Each of the entries below is to be written out exactly, and the images skipped.

[Data shown — start]

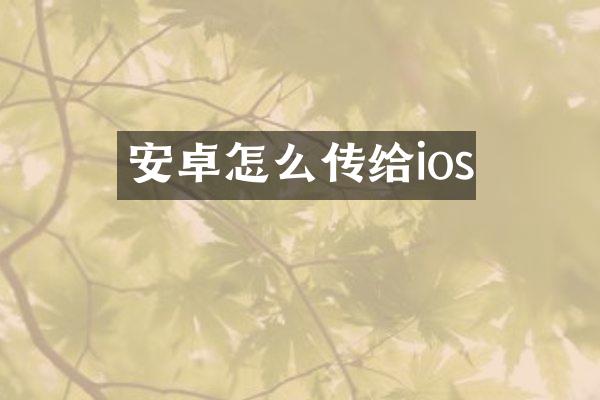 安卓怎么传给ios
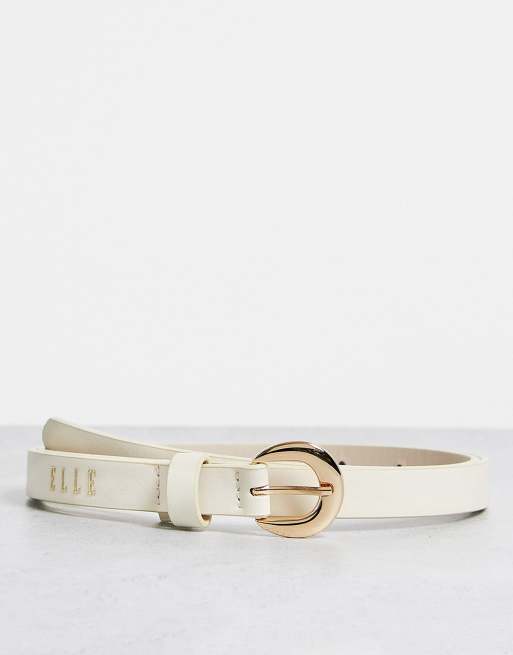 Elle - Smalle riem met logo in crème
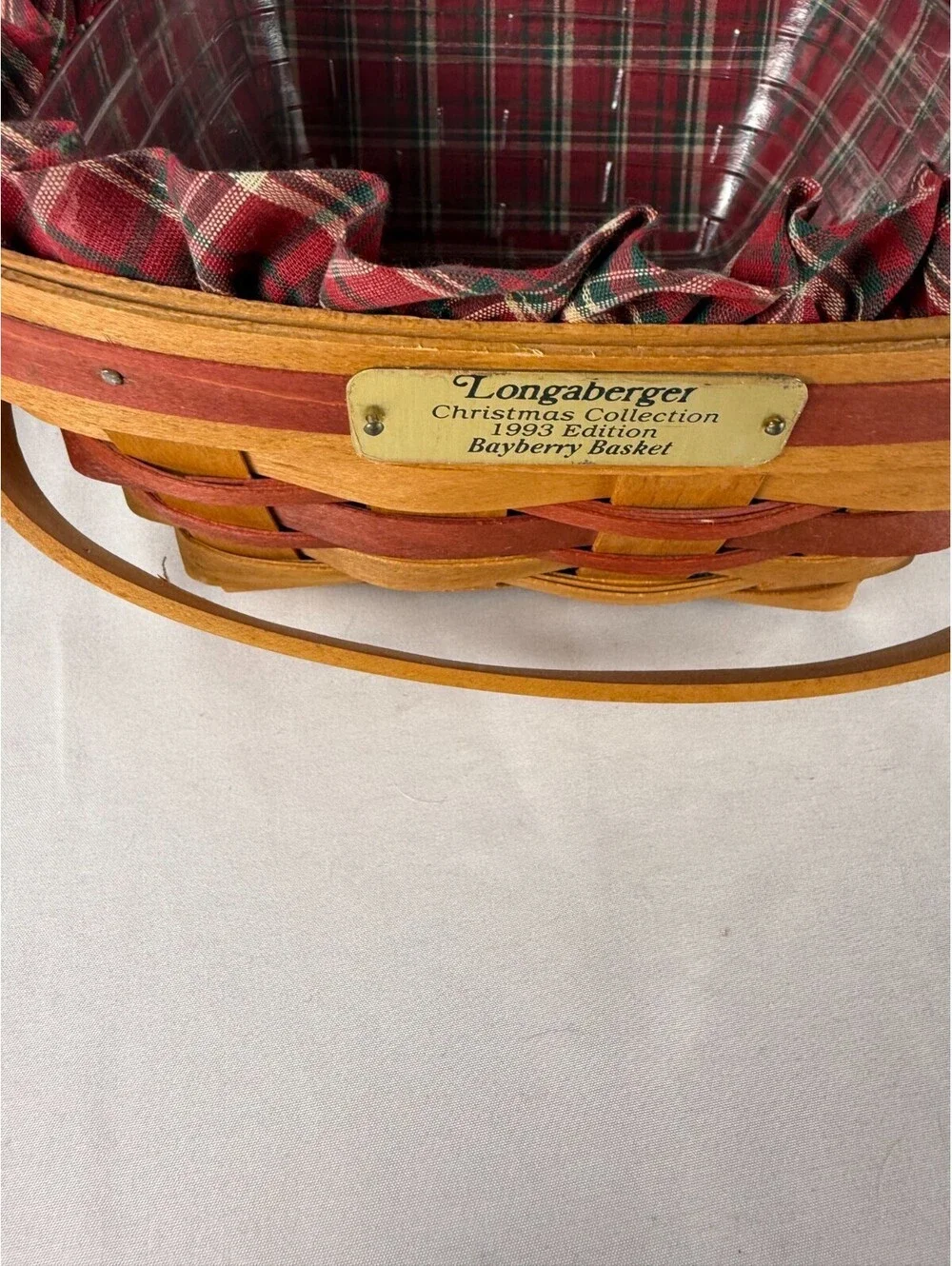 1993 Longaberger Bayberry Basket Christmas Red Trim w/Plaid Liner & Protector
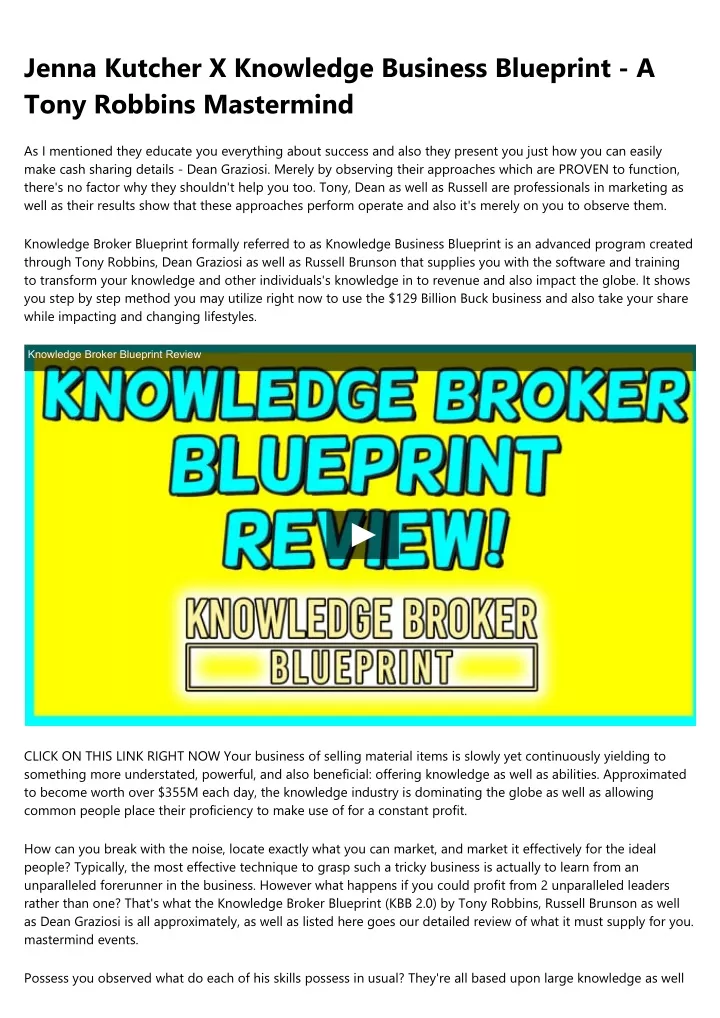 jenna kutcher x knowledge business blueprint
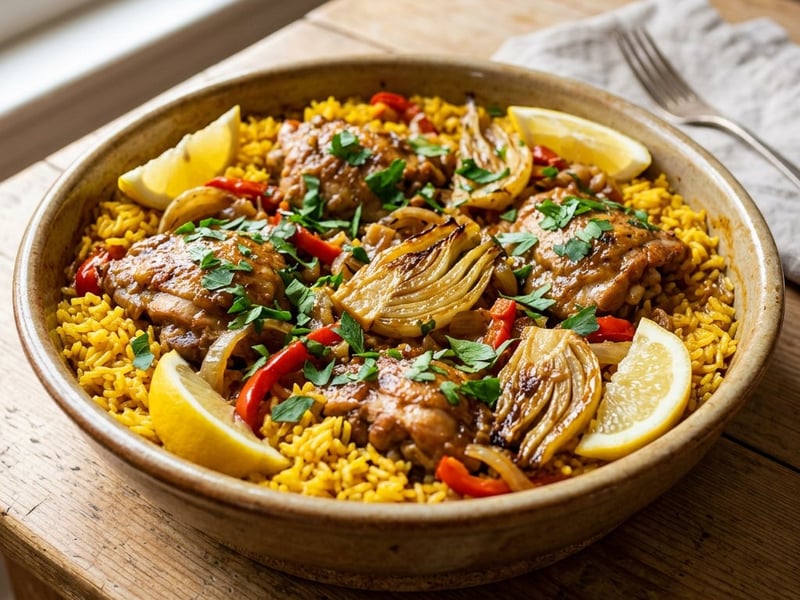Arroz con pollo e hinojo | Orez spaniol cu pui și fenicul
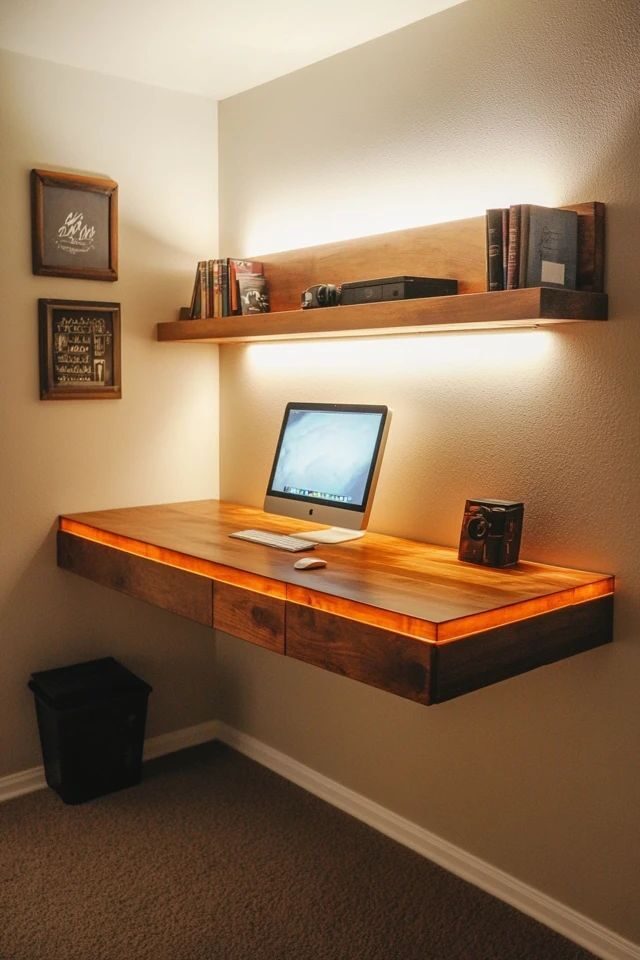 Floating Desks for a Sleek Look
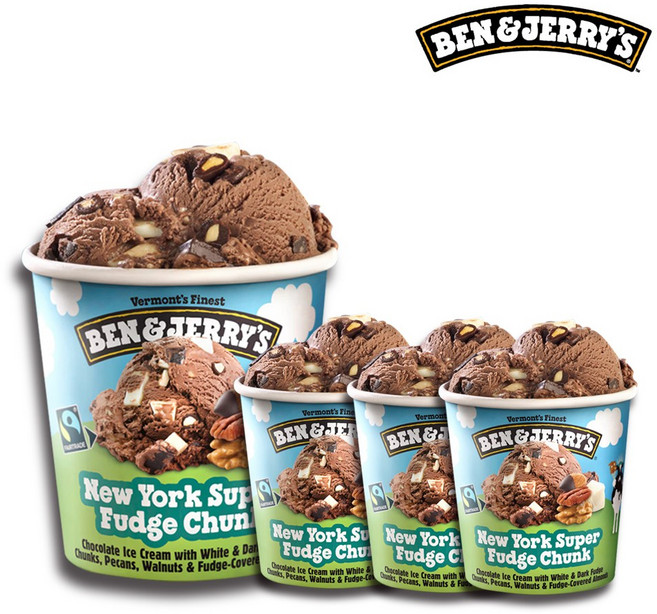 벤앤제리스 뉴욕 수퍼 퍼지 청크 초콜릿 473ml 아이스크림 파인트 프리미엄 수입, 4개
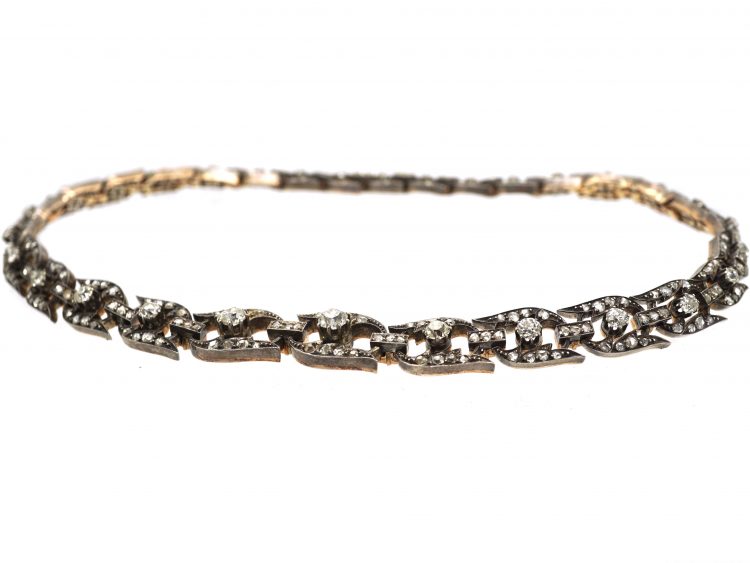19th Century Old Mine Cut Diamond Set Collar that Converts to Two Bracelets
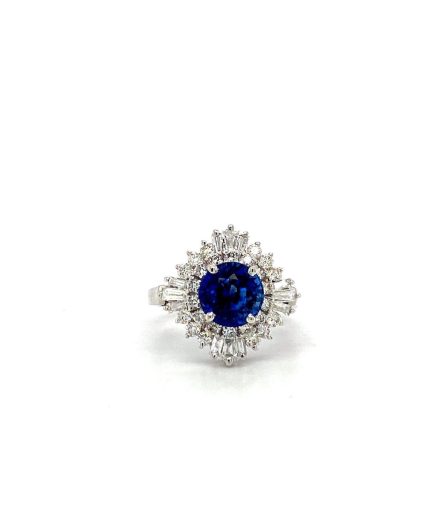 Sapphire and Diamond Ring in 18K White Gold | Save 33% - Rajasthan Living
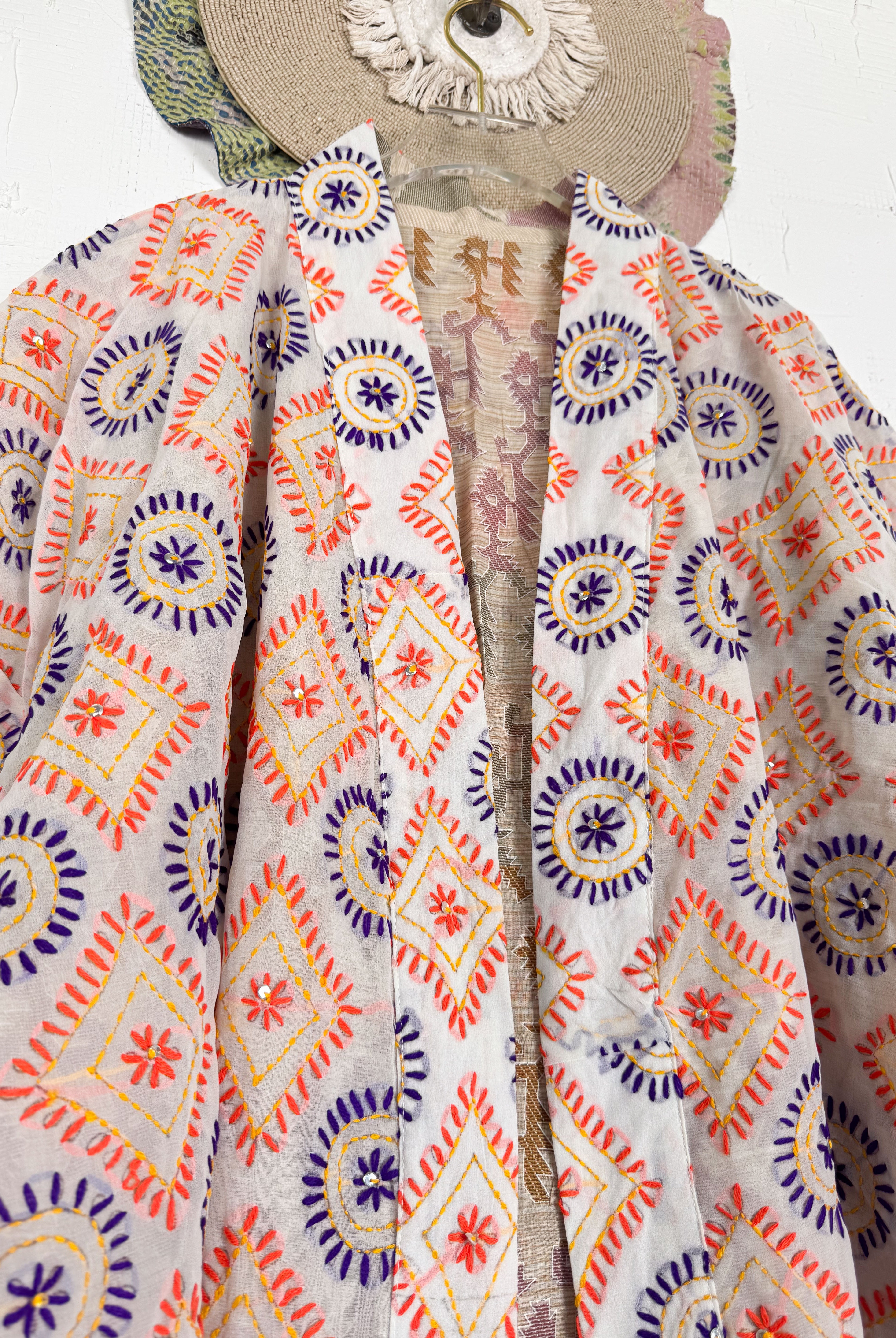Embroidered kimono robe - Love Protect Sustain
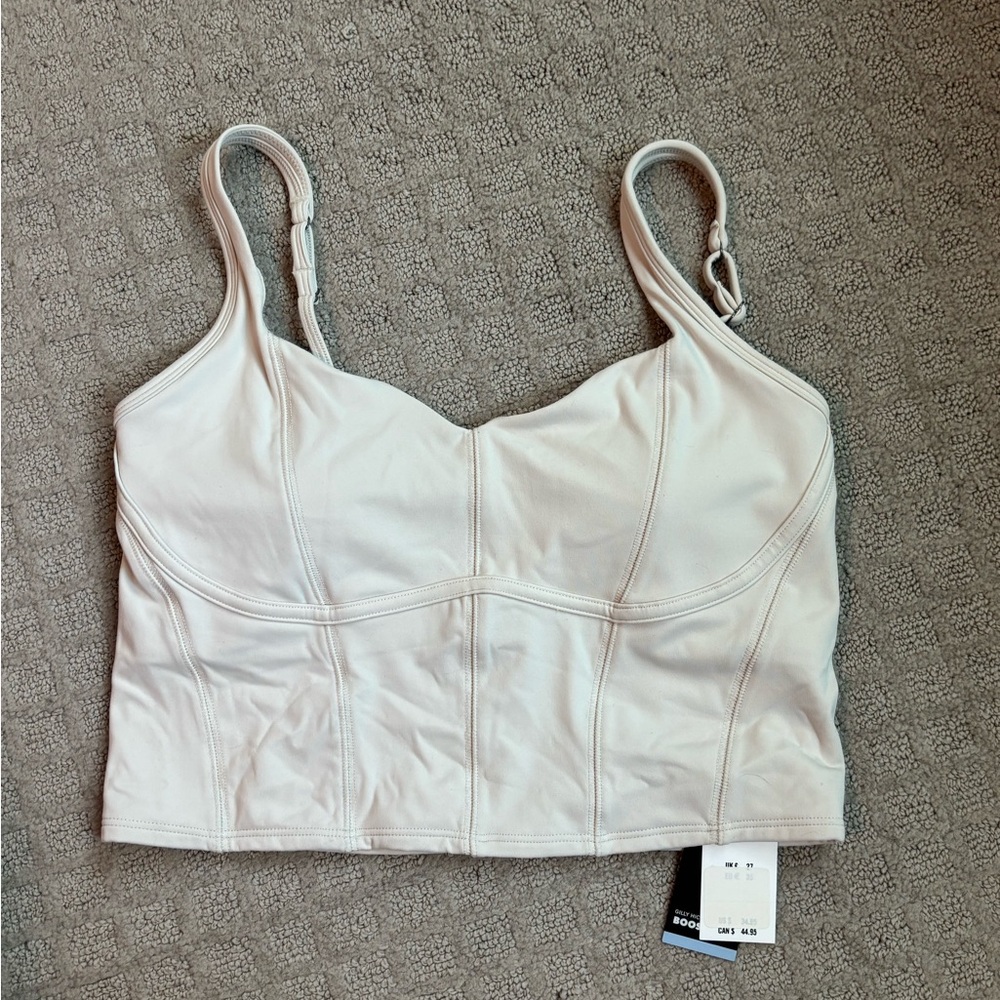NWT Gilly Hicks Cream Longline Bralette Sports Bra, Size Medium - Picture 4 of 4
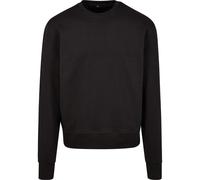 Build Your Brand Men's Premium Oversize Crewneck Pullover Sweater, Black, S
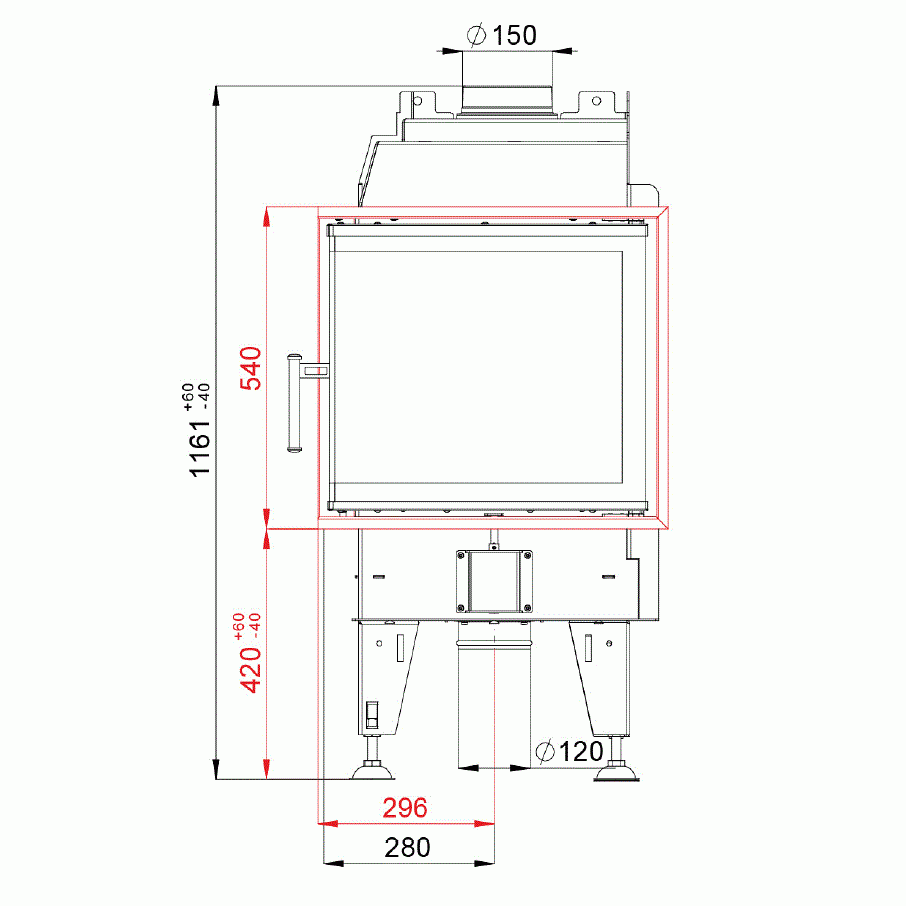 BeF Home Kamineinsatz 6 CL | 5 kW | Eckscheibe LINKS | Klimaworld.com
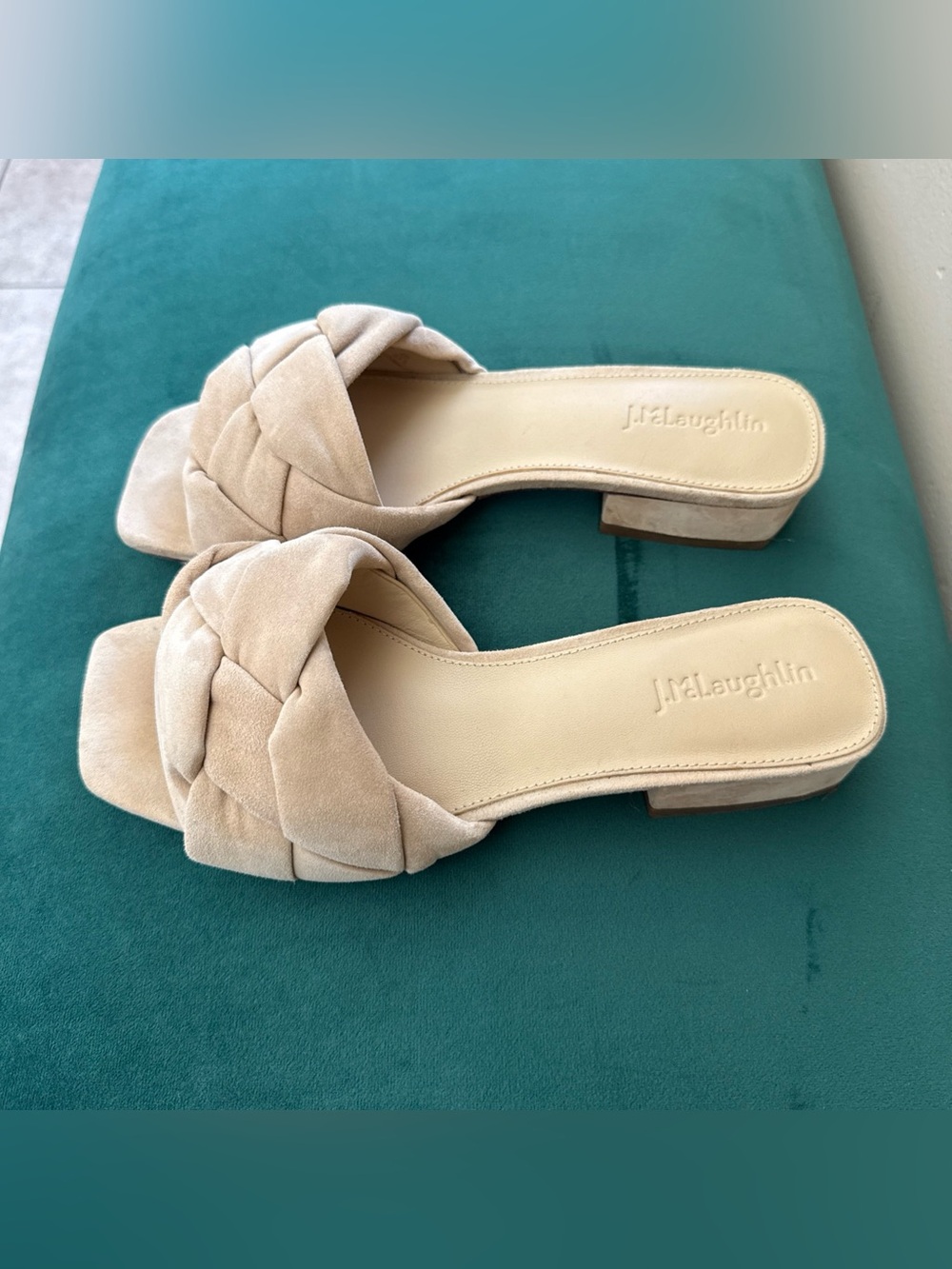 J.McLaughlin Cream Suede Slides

[Data shown — finish]

Output of the task:
 安卓怎么传给ios
 Elle - Smalle riem met logo in crème
 1993 Longaberger Bayberry Basket Christmas Red Trim w/Plaid Liner & Protector
 jenna kutcher x knowledge business blueprint
Arroz con pollo e hinojo | Orez spaniol cu pui și fenicul
 Floating Desks for a Sleek Look
 벤앤제리스 뉴욕 수퍼 퍼지 청크 초콜릿 473ml 아이스크림 파인트 프리미엄 수입, 4개
19th Century Old Mine Cut Diamond Set Collar that Converts to Two Bracelets
 Sapphire and Diamond Ring in 18K White Gold | Save 33% - Rajasthan Living
Embroidered kimono robe - Love Protect Sustain
NWT Gilly Hicks Cream Longline Bralette Sports Bra, Size Medium - Picture 4 of 4
 Build Your Brand Men's Premium Oversize Crewneck Pullover Sweater, Black, S
 BeF Home Kamineinsatz 6 CL | 5 kW | Eckscheibe LINKS | Klimaworld.com
 J.McLaughlin Cream Suede Slides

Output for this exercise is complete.